Líbrame de todo lo malo y perverso que hay en el hombre. De nuevo el texto de la Misa nos habla del buen endiosamiento: destaca ante nuestros ojos la mala pasta de que estamos formados, con todas las malvadas inclinaciones; y después suplica: emitte lucem tuam, envía tu luz y tu verdad, que me han guiado y traído a tu monte santo. No me importa contaros que me he emocionado al recitar estas palabras del Gradual.

¿Cómo nos hemos de comportar para adquirir ese endiosamiento bueno? En el Evangelio leemos que Jesús no quería ir a Judea, porque los judíos le buscaban para matarle. Él, que con un deseo de su voluntad podría eliminar a sus enemigos, ponía también los medios humanos. Él, que era Dios y le bastaba una decisión suya para cambiar las circunstancias, nos ha dejado una lección encantadora: no fue a Judea. Sus parientes le dijeron: aléjate de este país y ve a Judea, para que tus discípulos admiren también tus obras. Pretendían que hiciese espectáculo. ¿Lo veis? ¿Veis que es una lección de endiosamiento bueno y endiosamiento malo?
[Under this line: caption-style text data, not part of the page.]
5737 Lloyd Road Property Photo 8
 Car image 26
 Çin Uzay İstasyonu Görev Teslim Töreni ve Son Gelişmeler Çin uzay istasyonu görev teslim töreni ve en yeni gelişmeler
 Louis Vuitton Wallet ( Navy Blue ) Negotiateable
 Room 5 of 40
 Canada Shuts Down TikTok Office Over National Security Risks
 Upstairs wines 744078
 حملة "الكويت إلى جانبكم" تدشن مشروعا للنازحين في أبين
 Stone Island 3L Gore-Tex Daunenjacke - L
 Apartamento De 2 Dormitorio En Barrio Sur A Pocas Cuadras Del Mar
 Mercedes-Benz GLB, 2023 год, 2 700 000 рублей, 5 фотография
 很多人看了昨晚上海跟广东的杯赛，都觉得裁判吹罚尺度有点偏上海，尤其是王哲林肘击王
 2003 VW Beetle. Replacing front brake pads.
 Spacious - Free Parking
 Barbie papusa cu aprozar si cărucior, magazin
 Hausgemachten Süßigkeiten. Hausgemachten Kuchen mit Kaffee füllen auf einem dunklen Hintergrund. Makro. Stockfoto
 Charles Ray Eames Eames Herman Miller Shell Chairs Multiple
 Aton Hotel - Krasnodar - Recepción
Endiosamiento bueno: esperen en Ti —canta el Ofertorio— todos los que conocen tu nombre, Señor, porque nunca abandonas a los que te buscan. Y viene el regocijo de este barro lleno de lañas, porque no se ha olvidado de las oraciones de los pobres, de los humildes.

No concedáis el menor crédito a los que presentan la virtud de la humildad como apocamiento humano, o como una condena perpetua a la tristeza. Sentirse barro, recompuesto con lañas, es fuente continua de alegría; significa reconocerse poca cosa delante de Dios: niño, hijo. ¿Y hay mayor alegría que la del que, sabiéndose pobre y débil, se sabe también hijo de Dios? ¿Por qué nos entristecemos los hombres? Porque la vida en la tierra no se desarrolla como nosotros personalmente esperábamos, porque surgen obstáculos que impiden o dificultan seguir adelante en la satisfacción de lo que pretendemos.

Nada de esto ocurre, cuando el alma vive esa realidad sobrenatural de su filiación divina. Si Dios está por nosotros, ¿quién contra nosotros?. Que estén tristes los que se empeñan en no reconocerse hijos de Dios, vengo repitiendo desde siempre.

Para terminar, descubrimos en la liturgia de hoy dos peticiones que han de salir como saetas, de nuestra boca y de nuestro corazón: concédenos, Señor Todopoderoso, que realizando siempre los divinos misterios merezcamos acercarnos a los dones celestiales. Y, te rogamos, Señor, que nos concedas servirte constantemente según tu voluntad. Servir, servir, hijos míos, es lo nuestro; ser criados de todos, para que en nuestros días el pueblo fiel aumente en mérito y número.

Mirad a María. Jamás criatura alguna se ha entregado con más humildad a los designios de Dios. La humildad de la ancilla Domini, de la esclava del Señor, es el motivo de que la invoquemos como causa nostræ lætitiæ, causa de nuestra alegría. Eva, después de pecar queriendo en su locura igualarse a Dios, se escondía del Señor y se avergonzaba: estaba triste. María, al confesarse esclava del Señor, es hecha Madre del Verbo divino, y se llena de gozo. Que este júbilo suyo, de Madre buena, se nos pegue a todos nosotros: que salgamos en esto a Ella —a Santa María—, y así nos pareceremos más a Cristo.